WHAT YOU WILL DO:
Every line from the top of the records below through the one containing "Now I'm in the" must be copied exactly, and the pictures must not be.
START GIVEN DATA
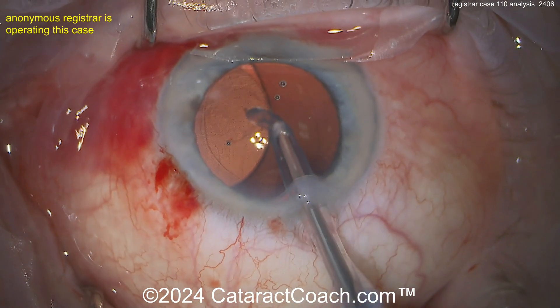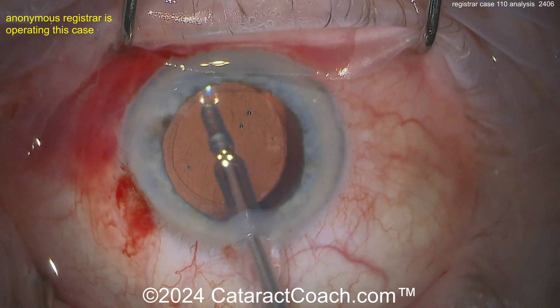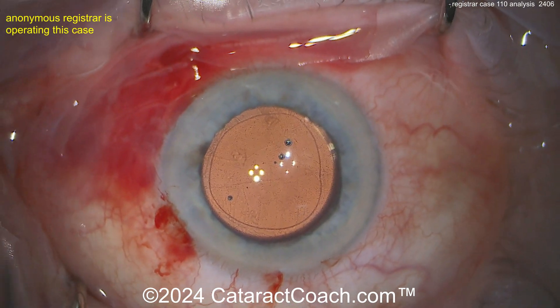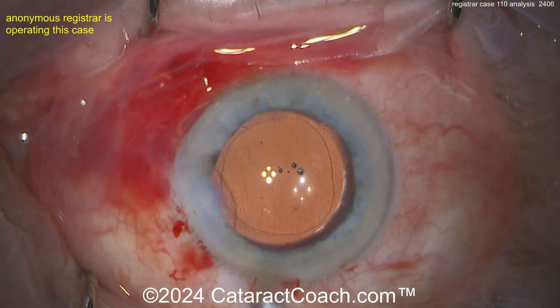You were doing great — fantastic job. Just keep in mind: figure out your fluidic settings. You shouldn't have that chamber bounce, that AC instability — the bounce bounce bounce. Don't want that. Beautiful — look at that, that's a fantastic-looking rhexis. Let's seal up the incisions here, nice and easy.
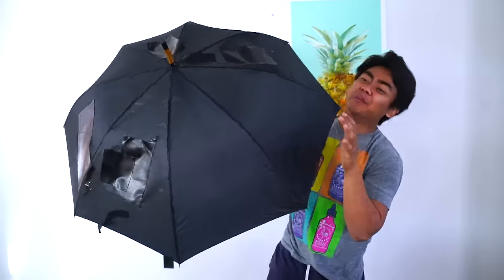Next up we have this umbrella. Oh no, I have bad luck — it's alright, it's not true. But this umbrella has holes in it. Oh no! How are we gonna fix this? I got you. Boom! All fixed. All done. All repaired. You can see right there — no more holes.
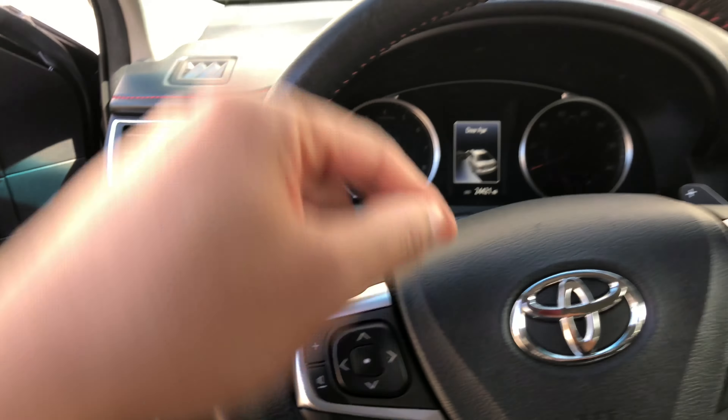So what I'm going to do is — don't forget to give me a like at the bottom of the page. Thanks a lot. I'm going to look to the left-hand side by the feet.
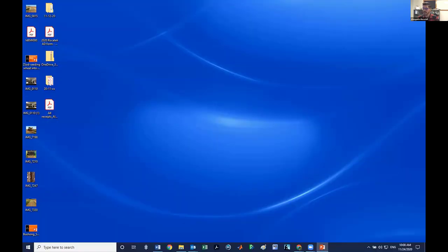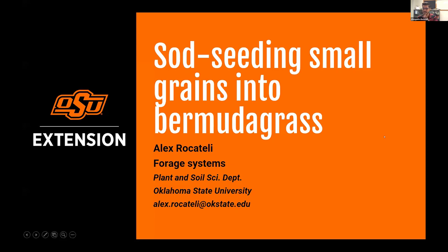Let me start with sod seeding small grains into bermuda grass. I have other projects evaluating novel summer cover crops to rotate with wheat, but I need more time before speaking on how those forages — such as tepary bean and others — are doing in Oklahoma. This project addresses a topic of high producer interest: sod seeding small grains into bermuda grass, so I'll talk through the basics and some early findings from a study I started about 60 days ago.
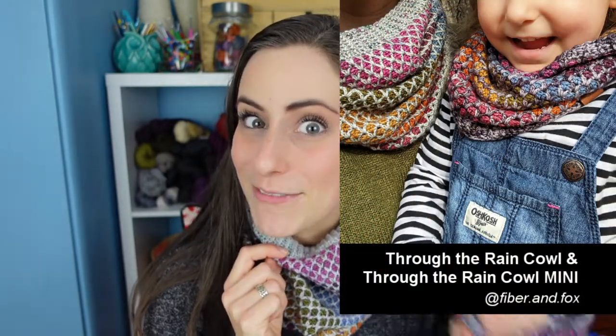Hey guys, I'm Bella, the maker mama boss lady behind Fiber and Fox, and I'm here today with another pattern drop video. It's actually like a two-for-one pattern drop video. I'm here to talk to you today about the Through the Rain cowl and the Through the Rain cowl mini version. You're going to be able to find everything you need to know about me — blog, Instagram, shops — all of that linked down below the video, as well as links to the Etsy and Ravelry shop where you can currently find these patterns.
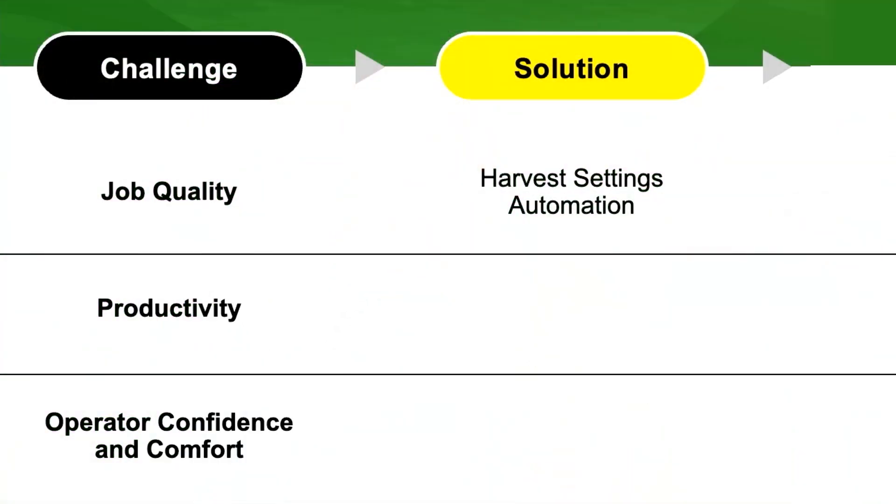For productivity, we're focused on the speed of that combine. We look ahead of that combine and have predictive ground speed. We're able to see how much material is coming into that machine and make sure that we keep it full.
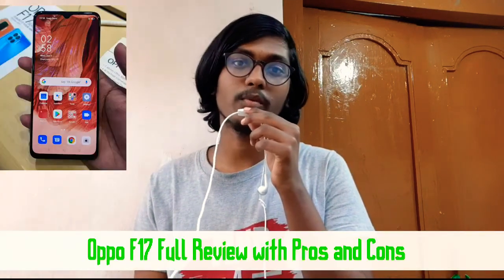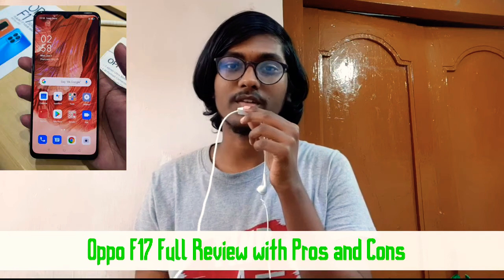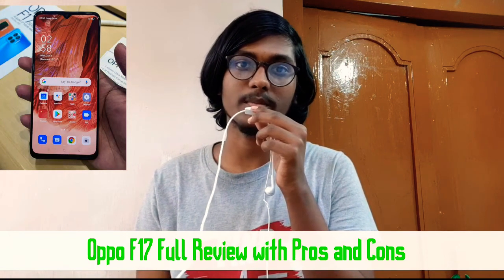Hi friends, we are going to talk about the Oppo F17 in this video. I am going to do a full review covering the pros and cons of the phone.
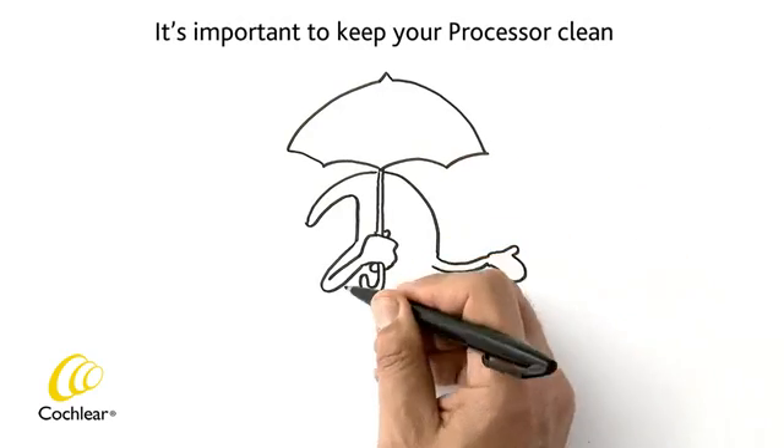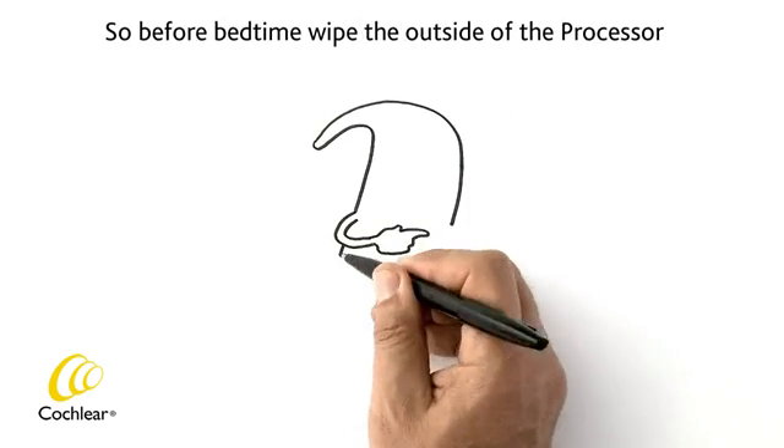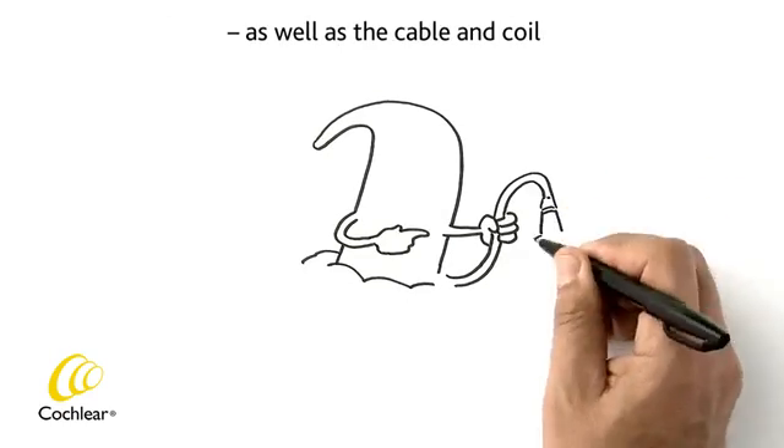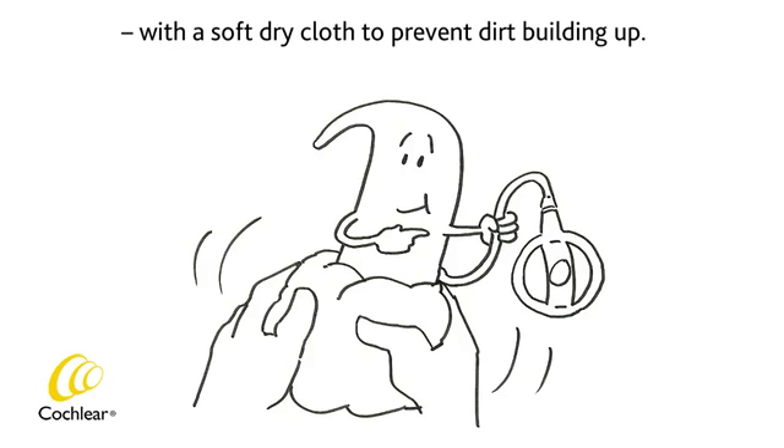It's important to keep your processor clean and free from moisture on the inside. So before bedtime, wipe the outside of the processor, as well as the cable and coil, with a soft dry cloth to prevent dirt building up.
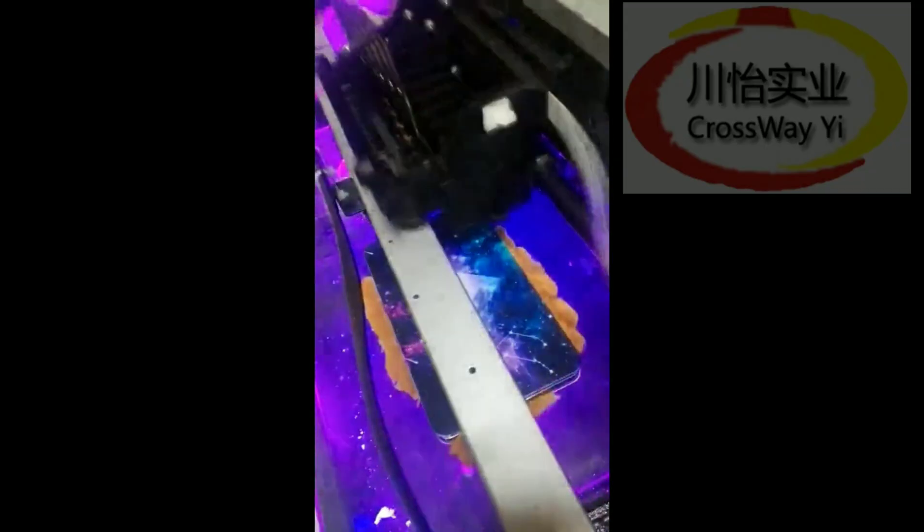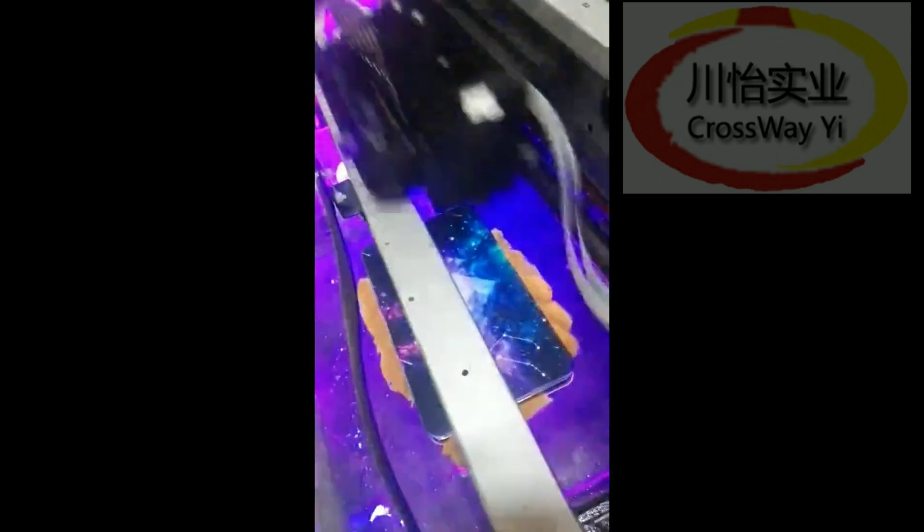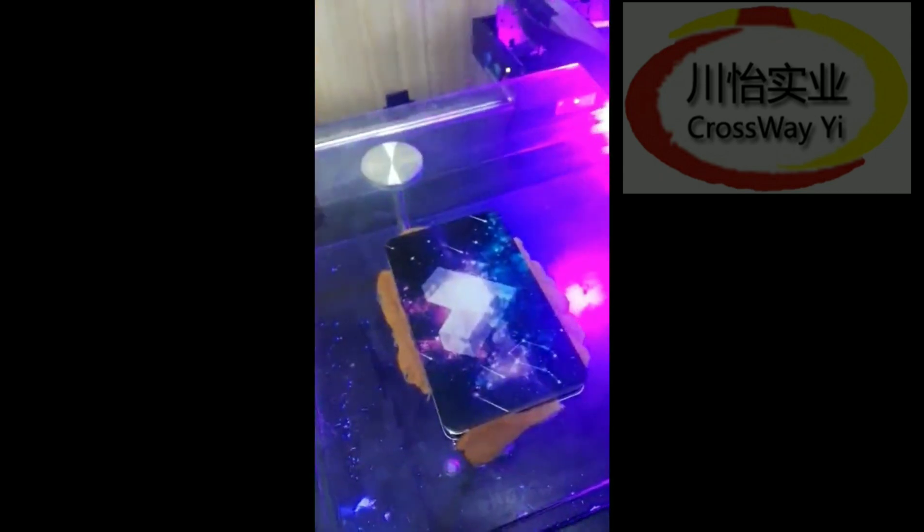Now I'm in the gel box. We've finished the gel box.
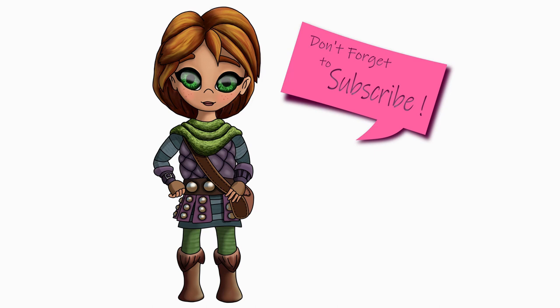Now you can take your markers, your crayons or your coloured pencils and colour Layla in. I'm sure she's going to look absolutely beautiful. If you'd like me to draw something else please leave me a comment. Thank you for drawing with me. Please don't forget to like and subscribe to my channel, and I will see you soon.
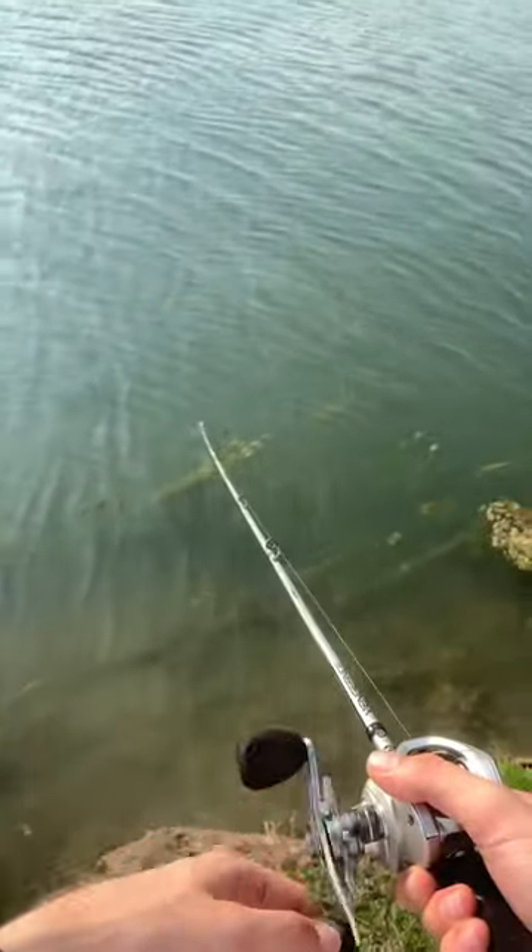You can also use a burn and stop method, or slow roll it on the bottom to imitate a crawfish perfectly in season, especially in areas where you can find red clay.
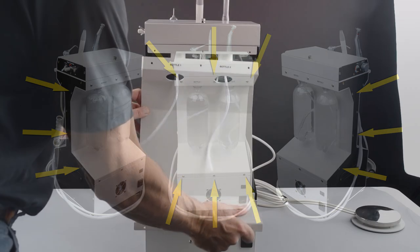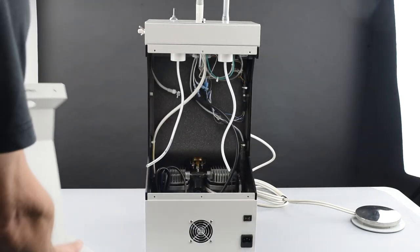Once the backing plate has been removed, the air intake filter will be located on the left side of the compressor.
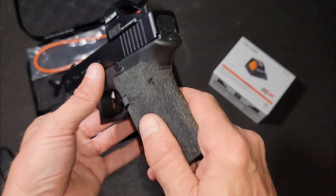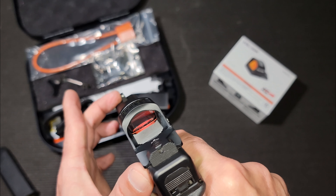We've got a Vickers mag release button but the original is included. Full Apex trigger — so it's the shoe, trigger bar, and disconnector. I also have a couple of other connectors that I will send along so you can fine-tune it if you're into that sort of thing.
END GIVEN DATA
WRITTEN SOLUTION:
You were doing great — fantastic job. Just keep in mind: figure out your fluidic settings. You shouldn't have that chamber bounce, that AC instability — the bounce bounce bounce. Don't want that. Beautiful — look at that, that's a fantastic-looking rhexis. Let's seal up the incisions here, nice and easy.
Next up we have this umbrella. Oh no, I have bad luck — it's alright, it's not true. But this umbrella has holes in it. Oh no! How are we gonna fix this? I got you. Boom! All fixed. All done. All repaired. You can see right there — no more holes.
So what I'm going to do is — don't forget to give me a like at the bottom of the page. Thanks a lot. I'm going to look to the left-hand side by the feet.
Let me start with sod seeding small grains into bermuda grass. I have other projects evaluating novel summer cover crops to rotate with wheat, but I need more time before speaking on how those forages — such as tepary bean and others — are doing in Oklahoma. This project addresses a topic of high producer interest: sod seeding small grains into bermuda grass, so I'll talk through the basics and some early findings from a study I started about 60 days ago.
Hey guys, I'm Bella, the maker mama boss lady behind Fiber and Fox, and I'm here today with another pattern drop video. It's actually like a two-for-one pattern drop video. I'm here to talk to you today about the Through the Rain cowl and the Through the Rain cowl mini version. You're going to be able to find everything you need to know about me — blog, Instagram, shops — all of that linked down below the video, as well as links to the Etsy and Ravelry shop where you can currently find these patterns.
For productivity, we're focused on the speed of that combine. We look ahead of that combine and have predictive ground speed. We're able to see how much material is coming into that machine and make sure that we keep it full.
Hi friends, we are going to talk about the Oppo F17 in this video. I am going to do a full review covering the pros and cons of the phone.
It's important to keep your processor clean and free from moisture on the inside. So before bedtime, wipe the outside of the processor, as well as the cable and coil, with a soft dry cloth to prevent dirt building up.
Now I'm in the gel box. We've finished the gel box.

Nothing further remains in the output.